Harnessing the Power of GPU
Rocketick’s technology breaks the simulator’s dependency barrier, by mapping the Verilog code into an elaborate dependency graph, and parsing its expressions into semi-independent threads that can be processed in parallel. Theoretically, Rocketick’s parallel processing could have been carried out by a strong multi-core CPU; however, GPUs offer massive parallelism that is unmatched by the strongest CPUs. The unique architecture of the GPU offers dramatic advantages, but only to programs that are designed to utilize the GPU’s architectural characteristics.

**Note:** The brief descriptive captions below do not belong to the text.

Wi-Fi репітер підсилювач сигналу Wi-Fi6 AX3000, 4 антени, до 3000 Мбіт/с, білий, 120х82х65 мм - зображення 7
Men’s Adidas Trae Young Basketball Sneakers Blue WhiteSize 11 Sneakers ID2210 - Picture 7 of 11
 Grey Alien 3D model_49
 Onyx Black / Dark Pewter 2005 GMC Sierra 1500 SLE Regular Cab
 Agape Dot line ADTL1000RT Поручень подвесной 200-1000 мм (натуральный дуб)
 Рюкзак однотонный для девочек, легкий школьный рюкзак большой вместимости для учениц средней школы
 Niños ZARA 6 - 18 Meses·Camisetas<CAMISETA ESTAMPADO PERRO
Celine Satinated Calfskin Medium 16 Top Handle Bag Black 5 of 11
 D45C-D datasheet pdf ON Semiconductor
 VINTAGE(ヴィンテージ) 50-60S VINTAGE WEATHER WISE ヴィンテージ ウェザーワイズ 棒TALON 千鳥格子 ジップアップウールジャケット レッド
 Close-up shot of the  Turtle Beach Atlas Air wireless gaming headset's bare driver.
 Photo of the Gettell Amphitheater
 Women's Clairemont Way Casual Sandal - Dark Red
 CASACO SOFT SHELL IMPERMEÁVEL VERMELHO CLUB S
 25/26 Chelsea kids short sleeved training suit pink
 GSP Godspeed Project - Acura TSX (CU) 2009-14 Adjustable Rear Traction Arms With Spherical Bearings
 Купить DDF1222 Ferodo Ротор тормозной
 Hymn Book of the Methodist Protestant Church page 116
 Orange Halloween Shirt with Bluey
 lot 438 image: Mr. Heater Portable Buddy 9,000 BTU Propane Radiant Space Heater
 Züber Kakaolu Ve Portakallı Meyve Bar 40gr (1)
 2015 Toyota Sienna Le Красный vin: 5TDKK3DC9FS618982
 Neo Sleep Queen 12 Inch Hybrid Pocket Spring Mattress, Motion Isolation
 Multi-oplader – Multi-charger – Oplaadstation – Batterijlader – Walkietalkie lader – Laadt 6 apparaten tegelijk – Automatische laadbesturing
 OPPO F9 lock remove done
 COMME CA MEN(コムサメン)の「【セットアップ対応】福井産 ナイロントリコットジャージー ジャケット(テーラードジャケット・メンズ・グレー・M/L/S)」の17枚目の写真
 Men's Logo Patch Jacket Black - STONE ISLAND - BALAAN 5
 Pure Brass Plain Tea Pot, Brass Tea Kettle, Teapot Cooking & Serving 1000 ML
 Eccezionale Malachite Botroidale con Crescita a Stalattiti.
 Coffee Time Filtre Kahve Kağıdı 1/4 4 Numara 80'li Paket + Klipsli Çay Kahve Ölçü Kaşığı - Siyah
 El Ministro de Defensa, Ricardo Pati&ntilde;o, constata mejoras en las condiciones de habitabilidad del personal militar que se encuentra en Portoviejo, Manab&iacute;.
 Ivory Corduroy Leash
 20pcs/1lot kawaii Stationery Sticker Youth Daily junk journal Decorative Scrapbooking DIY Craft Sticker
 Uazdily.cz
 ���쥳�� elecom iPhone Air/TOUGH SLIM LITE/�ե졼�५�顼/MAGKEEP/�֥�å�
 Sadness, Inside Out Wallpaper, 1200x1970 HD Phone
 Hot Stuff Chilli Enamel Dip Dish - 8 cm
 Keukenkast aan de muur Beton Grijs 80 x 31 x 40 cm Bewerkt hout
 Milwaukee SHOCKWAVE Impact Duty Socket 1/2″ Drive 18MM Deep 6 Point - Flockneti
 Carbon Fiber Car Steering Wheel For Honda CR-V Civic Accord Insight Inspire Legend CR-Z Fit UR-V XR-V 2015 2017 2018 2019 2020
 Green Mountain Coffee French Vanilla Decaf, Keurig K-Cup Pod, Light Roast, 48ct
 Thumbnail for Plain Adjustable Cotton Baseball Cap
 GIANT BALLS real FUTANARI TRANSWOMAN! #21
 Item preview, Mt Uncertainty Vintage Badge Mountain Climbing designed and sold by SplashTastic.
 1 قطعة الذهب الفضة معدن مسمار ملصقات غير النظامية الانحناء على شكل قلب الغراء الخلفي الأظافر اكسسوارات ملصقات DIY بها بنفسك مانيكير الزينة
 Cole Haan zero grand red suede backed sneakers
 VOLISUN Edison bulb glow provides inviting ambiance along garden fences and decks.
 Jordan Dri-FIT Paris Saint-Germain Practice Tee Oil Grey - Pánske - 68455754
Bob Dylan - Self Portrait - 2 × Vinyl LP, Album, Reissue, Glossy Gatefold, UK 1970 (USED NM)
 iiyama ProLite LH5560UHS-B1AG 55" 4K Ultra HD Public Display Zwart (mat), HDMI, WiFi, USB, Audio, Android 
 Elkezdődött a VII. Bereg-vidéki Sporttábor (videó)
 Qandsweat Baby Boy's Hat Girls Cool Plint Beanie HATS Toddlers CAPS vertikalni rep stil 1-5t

Unique Characteristics of GPUs
GPUs have evolved into a highly parallel, multithreaded, many-core processor, with tremendous computational horsepower and very high memory bandwidth. GPUs are specialized for compute-intensive, highly parallel computation – exactly what graphics rendering is about – and are therefore designed so that more transistors are devoted to parallel data processing rather than data caching and flow control. They are especially well-suited to address problems that can be expressed as data-parallel computations – the same program is executed on many data elements in parallel – with high arithmetic intensity (the ratio of arithmetic operations to memory operations). As the same program is executed for each data element, there is a lower requirement for sophisticated flow control; also, as it is executed on many data elements and has high arithmetic intensity, the memory access latency can be hidden with calculations instead of big data caches.
Making Verilog Models Suitable for GPU Massive Parallel Computing
Verilog models are a typical example of code that is not inherently suitable for GPU processing. They are extremely complex, with numerous dependencies and rules. In order to make them suitable for massive parallel computing, Rocketick’s patent-pending technology analyzes the Verilog design, and maps the dependencies among the expressions into an elaborate dependency graph. It then partitions the dependency graph into many semi-independent threads, each including a series of processing elements. The threads and their processing elements are organized in an efficient manner, allowing optimized continuous parallelization with minimal synchronization among threads.
In addition, Rocketick has developed an efficient virtual machine that runs on the GPU and executes the threads, while maintaining the consistency of the design rules. The virtual machine uses the GPU’s standard APIs, scheduling the threads in a way that utilizes the GPU’s power and memory bandwidth to accelerate the simulation.